I was looking to brush up and/or pick up some languages for a hobby project on my free Amazon EC2, and I was going through the benchmark results for Java vs C (or Scala vs C)and Fortran vs C. It seems that the margin in Java vs C is nearly the same in Fortran vs C, which made me wonder if JVM (and its JIT optimizations) advances are catching up fast enough to occupy the same status as C & Fortran in High Performance (Scientific) Computing in the near future.

Factors, other than performance, to be taken into consideration could be:

  1. readability, maintainability and expressivity of codes
  2. cost of scalable hardware infrastructure
  3. Availability of libraries
  4. Parallel and/or Concurrent programming support
  5. Talent pool

edited question: Among all high performance computational fields, what are the fields that might see the rise of Java/Scala JVM ecosystem? For example, it seems to me that complex system analysis, economic/finance, machine learning etc might be a few of those fields. What else?
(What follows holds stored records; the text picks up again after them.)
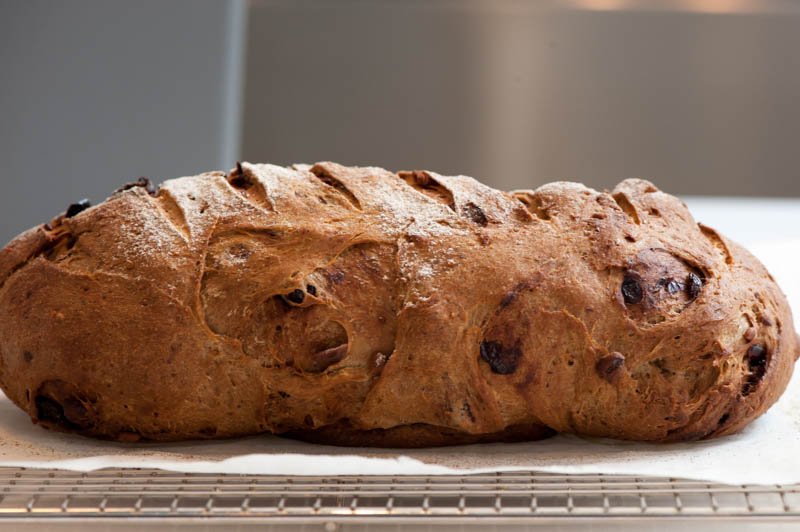 Cranberry Christmas Bread just out of the oven.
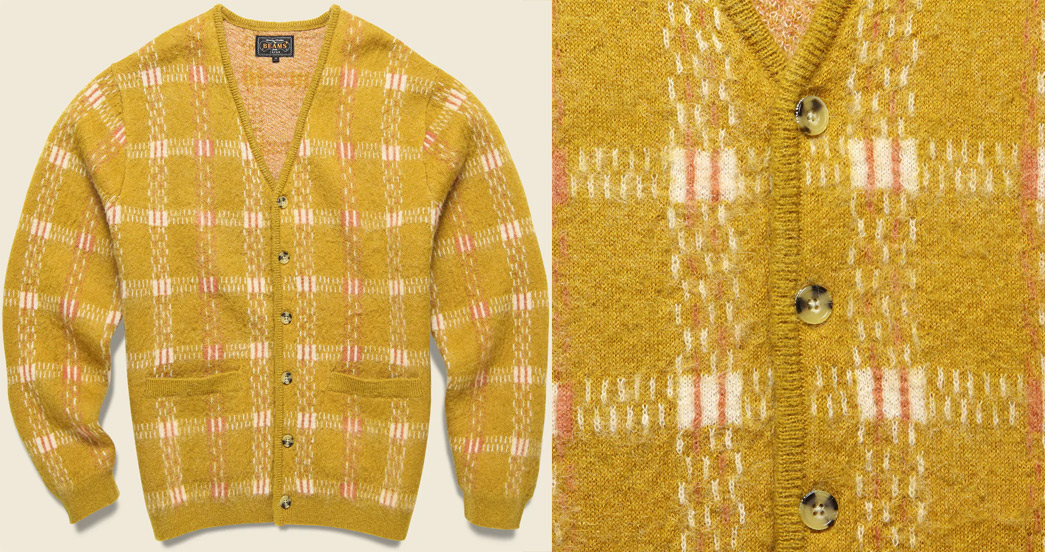 The-Heddels-Sweater-Guide-2022-Beams-Plus-Check-Pattern-Mohair-Cardigan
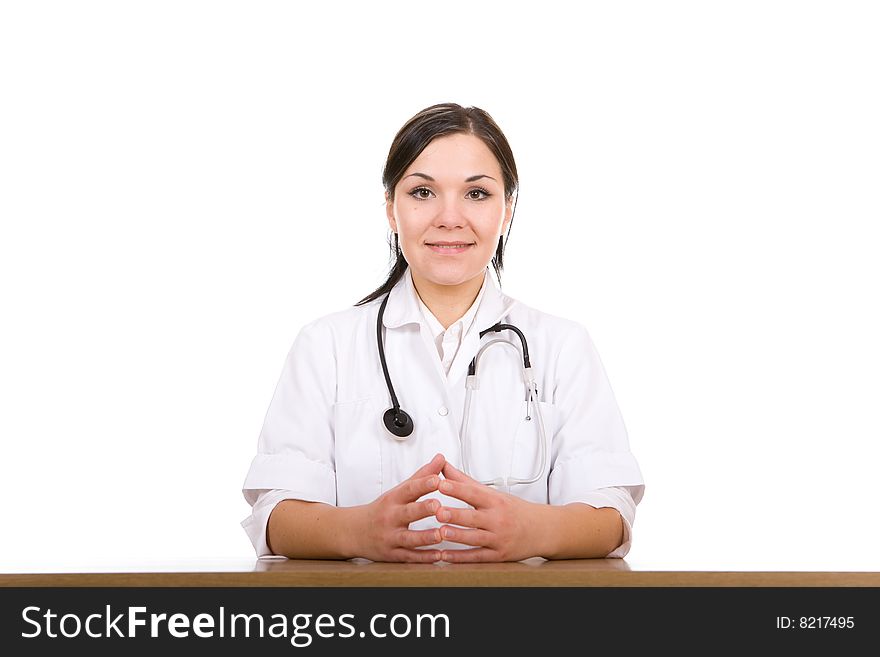 Attractive brunette doctor . over white background. Attractive brunette doctor . over white background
Edited on 24 Sept 2015: After I had posted this question, I came across this old (2007) blog post that re-did some of those same benchmarks-game for Java and C, but after excluding the initial warmup/optimization run (although, its effect is debated) for a few different Java compilers, and the results are quite surprising. Although, as the comments from Isaac Gouy at that blog say, running 4-5 trials for each benchmark may not be enough to average out processor usage by other processes running on that system. But still, an interesting blog. Since that 2007 blog, I believe JRockit and HotSpot compilers have been merged by Oracle, but not sure how their combined performance stacks against C compilers'.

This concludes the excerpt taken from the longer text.